Education et scolarité
19 mai 2020

Un ramadan 2020 pas comme les autres

FOCUS. Le ramadan 2020 s’achève ce dimanche 24 mai. Retour sur la manière dont il a été vécu dans trois établissements d’Apprentis d’Auteuil, à l’épreuve du confinement. Par Agnès Perrot.

Fondation catholique reconnue d'utilité publique, Apprentis d’Auteuil accueille les jeunes sans distinction d'origine, de culture ou de religion. Un certain nombre étant de confession musulmane, la pratique du ramadan est pour eux  - et pour tous ceux qui le souhaitent autour d'eux, croyants ou non - l’occasion d’une ouverture à la différence et d’une réflexion sur la foi.

"En conformité avec notre projet éducatif, nous sommes depuis toujours attentifs à ce que chaque jeune accueilli chez nous puisse faire lexpérience de l’intériorité, précise Amaury de Cherisey, qui coordonne la direction de l’Animation pastorale. Nous veillons en particulier à ce que les jeunes de confession musulmane bénéficient de conditions adéquates pour vivre pleinement leur démarche de foi. Et publions d'ailleurs chaque année, dans ce sens, des instructions à l'intention des équipes éducatives sur le terrain."
Une expérience vécue cette année dans des conditions de crise sanitaire, liées à la pandémie de Covid-19.

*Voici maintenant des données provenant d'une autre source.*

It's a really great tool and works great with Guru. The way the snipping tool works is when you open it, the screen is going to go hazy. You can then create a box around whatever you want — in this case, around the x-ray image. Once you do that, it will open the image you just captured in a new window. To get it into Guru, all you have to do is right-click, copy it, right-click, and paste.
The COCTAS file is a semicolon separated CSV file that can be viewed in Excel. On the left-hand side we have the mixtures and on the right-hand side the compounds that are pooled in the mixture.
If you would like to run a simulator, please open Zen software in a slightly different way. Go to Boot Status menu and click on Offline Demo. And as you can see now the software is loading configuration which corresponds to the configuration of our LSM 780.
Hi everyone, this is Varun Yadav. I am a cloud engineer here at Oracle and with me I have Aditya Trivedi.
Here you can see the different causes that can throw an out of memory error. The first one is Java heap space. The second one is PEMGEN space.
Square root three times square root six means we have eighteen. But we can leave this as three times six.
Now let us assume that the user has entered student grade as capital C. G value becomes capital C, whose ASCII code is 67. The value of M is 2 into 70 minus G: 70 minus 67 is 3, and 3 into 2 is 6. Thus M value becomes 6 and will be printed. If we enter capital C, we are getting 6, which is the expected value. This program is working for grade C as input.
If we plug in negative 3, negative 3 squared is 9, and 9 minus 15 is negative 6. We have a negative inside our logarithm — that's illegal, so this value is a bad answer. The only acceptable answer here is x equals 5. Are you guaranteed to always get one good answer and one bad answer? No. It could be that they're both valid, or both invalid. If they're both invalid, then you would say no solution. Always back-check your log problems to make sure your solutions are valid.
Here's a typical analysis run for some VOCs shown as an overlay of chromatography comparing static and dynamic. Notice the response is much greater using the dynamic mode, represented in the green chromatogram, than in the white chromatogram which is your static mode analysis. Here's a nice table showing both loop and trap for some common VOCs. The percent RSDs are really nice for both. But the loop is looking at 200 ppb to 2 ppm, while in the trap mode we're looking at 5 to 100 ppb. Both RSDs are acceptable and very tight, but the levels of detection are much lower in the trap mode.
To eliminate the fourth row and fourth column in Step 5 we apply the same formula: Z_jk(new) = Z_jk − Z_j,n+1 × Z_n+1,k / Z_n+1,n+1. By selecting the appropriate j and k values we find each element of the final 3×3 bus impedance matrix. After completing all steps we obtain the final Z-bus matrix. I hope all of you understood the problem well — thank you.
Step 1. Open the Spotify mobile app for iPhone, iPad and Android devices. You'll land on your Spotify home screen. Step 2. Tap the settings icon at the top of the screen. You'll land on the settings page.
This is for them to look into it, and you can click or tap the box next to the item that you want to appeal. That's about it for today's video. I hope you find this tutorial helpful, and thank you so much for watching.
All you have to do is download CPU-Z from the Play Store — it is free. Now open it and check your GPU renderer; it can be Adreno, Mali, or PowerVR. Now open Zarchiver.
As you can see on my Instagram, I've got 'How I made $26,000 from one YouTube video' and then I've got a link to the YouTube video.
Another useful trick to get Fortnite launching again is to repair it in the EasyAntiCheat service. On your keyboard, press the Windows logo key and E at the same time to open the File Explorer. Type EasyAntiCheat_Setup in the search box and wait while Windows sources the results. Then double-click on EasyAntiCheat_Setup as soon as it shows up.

Un moment unique pour questionner sa foi

Ousmane et Coundou, deux résidents du Foyer de jeunes travailleurs Jean-Marie Vianney, entourés de Karim Ouchemoukh, éducateur (à gauche) et de Didier Garin, animateur en pastorale (sur la droite).

"Avec le confinement, le ramadan a pris une tournure inattendue, relèvent Ousmane, en apprentissage peinture en bâtiment et son ami Coundou apprenti plaquiste, 18 ans tous les deux, accueillis au  Foyer de jeunes travailleurs Jean-Marie Vianney. On a passé une grande partie de ce temps assez isolés puisqu’on n’allait plus en cours ni en stage pour la plupart. En plus, covid19 oblige, on prenait notre repas de rupture de jeûne chacun dans notre chambre. Alors que ce moment se veut, en temps ordinaire, festif et partagé. Mais on a accepté la situation et on en a profité pour prier pour les malades et les personnes décédées. Et qu'on se sorte au plus vite de ce moment difficile. Bref, ce ramadan particulier s'est finalement révélé comme une belle leçon pour apprendre à nous organiser autrement et à nous décentrer ! "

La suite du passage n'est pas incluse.